Work to be completed: Below is a listing; transcribe it exactly but without any images.

Dataset content:
----
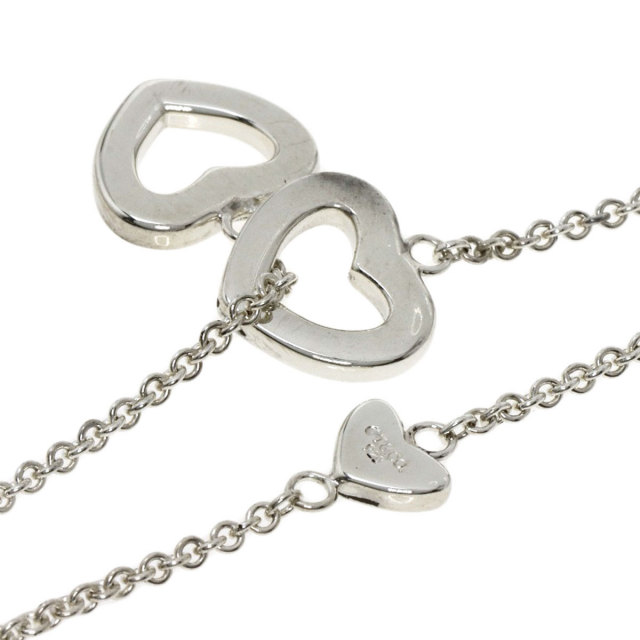 ティファニー] ハートリンク ラリアット シルバー ネックレス (品番  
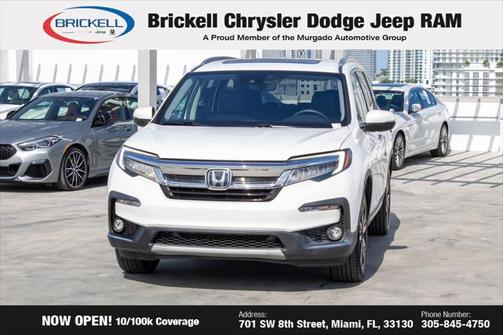 2021 Honda Pilot Touring 8-Passenger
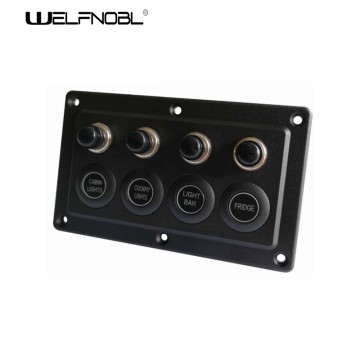 4 way overload protection reset panel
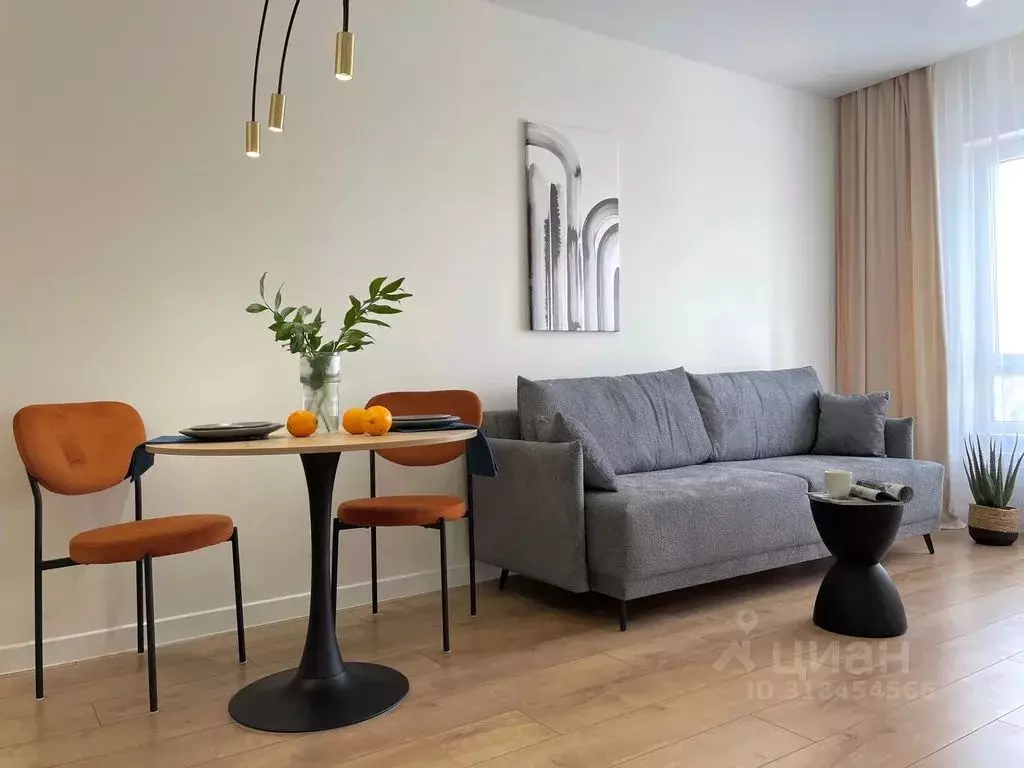 1-к кв. Новгородская область, Великий Новгород Нехинская ул., 20к2 ... - Фото 2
----
Finished exercise:
 ティファニー] ハートリンク ラリアット シルバー ネックレス (品番  
 2021 Honda Pilot Touring 8-Passenger
 4 way overload protection reset panel
 1-к кв. Новгородская область, Великий Новгород Нехинская ул., 20к2 ... - Фото 2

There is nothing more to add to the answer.